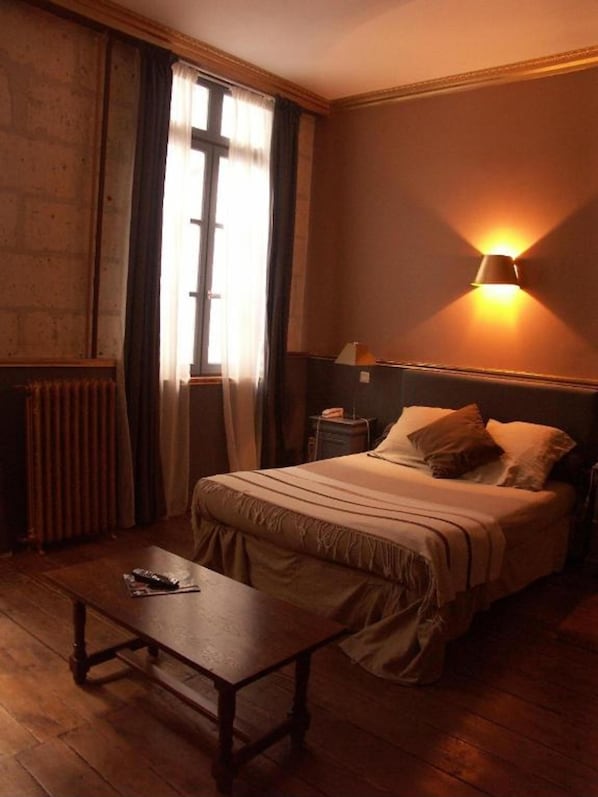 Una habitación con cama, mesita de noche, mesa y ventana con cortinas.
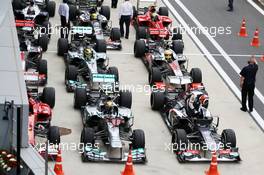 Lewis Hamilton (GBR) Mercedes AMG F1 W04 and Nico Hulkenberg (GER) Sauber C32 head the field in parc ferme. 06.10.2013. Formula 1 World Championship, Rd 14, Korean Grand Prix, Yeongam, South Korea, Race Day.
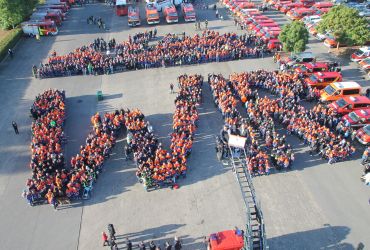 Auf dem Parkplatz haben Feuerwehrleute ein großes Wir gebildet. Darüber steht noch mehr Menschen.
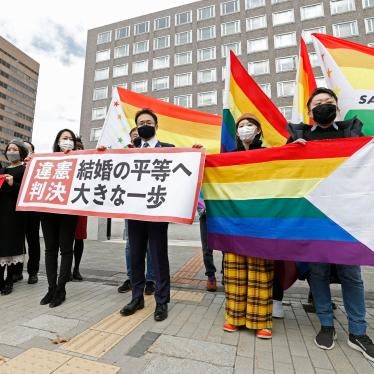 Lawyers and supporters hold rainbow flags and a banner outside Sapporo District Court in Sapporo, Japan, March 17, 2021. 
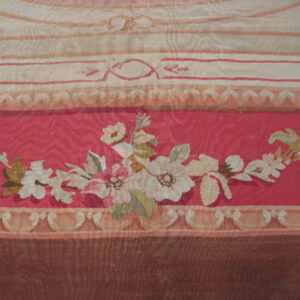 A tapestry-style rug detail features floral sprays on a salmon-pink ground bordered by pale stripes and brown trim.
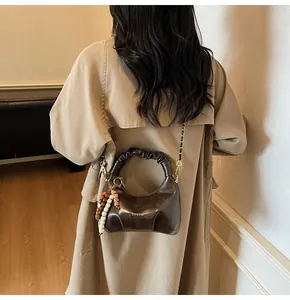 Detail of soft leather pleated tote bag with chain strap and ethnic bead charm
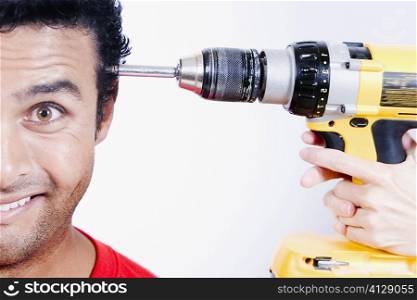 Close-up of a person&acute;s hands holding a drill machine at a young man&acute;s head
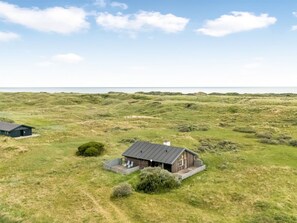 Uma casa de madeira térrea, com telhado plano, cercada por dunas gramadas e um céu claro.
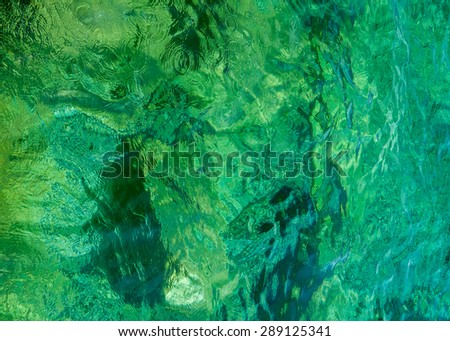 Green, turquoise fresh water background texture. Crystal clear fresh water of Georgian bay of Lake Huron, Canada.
____________
REQUIRED WORK: Drop the pictures; return the lines above from the line containing "Detail of soft" to the line containing "Uma casa de", both included, exactly.

PROBLEM SOLUTION:
 Detail of soft leather pleated tote bag with chain strap and ethnic bead charm
 Close-up of a person&acute;s hands holding a drill machine at a young man&acute;s head
 Uma casa de madeira térrea, com telhado plano, cercada por dunas gramadas e um céu claro.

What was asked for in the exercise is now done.